Para que o material genético de função

terapêutica chegue ao núcleo das células-alvo, é

necessária a utilização de um vetor. Os mais

utilizados são os vírus (geralmente adenovírus ou

retrovírus), embora l ipossoma, células

geneticamente modificadas e injeção direta no

tecido também sejam meios possíveis de se

introduzir o material genético. É evidente que os

vírus usados como vetor são modificados em

laboratório, e todo o procedimento é

rigorosamente controlado.

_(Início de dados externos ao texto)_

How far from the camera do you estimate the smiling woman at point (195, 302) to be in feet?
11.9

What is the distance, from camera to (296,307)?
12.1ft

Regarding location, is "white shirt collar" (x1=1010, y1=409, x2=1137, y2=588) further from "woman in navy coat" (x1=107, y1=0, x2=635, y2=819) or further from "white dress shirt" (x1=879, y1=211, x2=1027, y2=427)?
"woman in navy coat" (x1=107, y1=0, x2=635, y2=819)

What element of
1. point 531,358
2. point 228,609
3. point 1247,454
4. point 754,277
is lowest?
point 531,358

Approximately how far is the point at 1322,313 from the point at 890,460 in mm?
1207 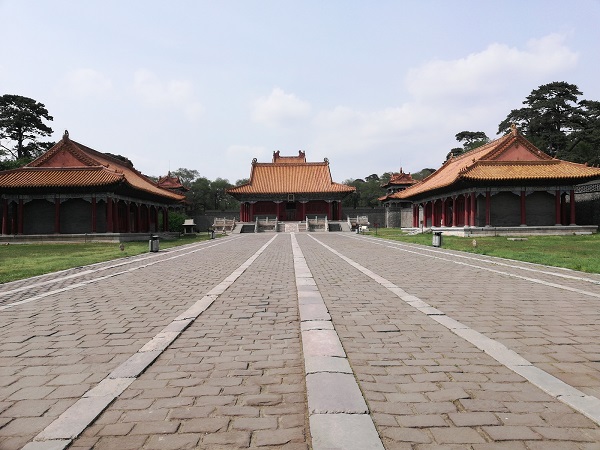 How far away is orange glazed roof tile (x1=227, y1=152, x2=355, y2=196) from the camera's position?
1882 inches

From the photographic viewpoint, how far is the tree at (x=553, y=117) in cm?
4572

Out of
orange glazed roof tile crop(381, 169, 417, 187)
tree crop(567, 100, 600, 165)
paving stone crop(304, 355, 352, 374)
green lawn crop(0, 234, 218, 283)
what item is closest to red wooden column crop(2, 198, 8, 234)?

Os seus genes

patogênicos são retirados ou modificados e o(s)

gene(s) terapêutico(s) é(são) inserido(s) em seu

genoma. Assim o vírus mantém sua capacidade de

reconhecimento, adesão e invasão da célula, bem

como de utilizar a maquinaria molecular da célula

do hospedeiro para expressar seus genes e

produzir suas proteínas. O resultado de tal

procedimento é a produção das proteínas

terapêuticas sem que haja produção das proteínas

que conferem virulência ao vírus.

Uma revisão de 2006 afirma que cerca de

3000 pacientes já receberam algum tipo de terapia

gênica. Diversas doenças foram tratadas, incluindo

disfunções endoteliais ligadas à doença

coronariana, hemofilia, imunodeficiência e

cânceres. De um modo geral a terapia gênica tem

trazido bons resultados, e seus efeitos colaterais

parecem ser reduzidos a um número pequeno de

pacientes, o que é um indicativo animador da

segurança do tratamento. De qualquer forma, os

cuidados que devem ser tomados com esses

procedimentos, bem como os testes de certificação

da segurança das preparações são muitos, e muito

rigorosos.

Apesar disso, restam ainda muitas dúvidas

a respeito dos efeitos colaterais da terapia gênica.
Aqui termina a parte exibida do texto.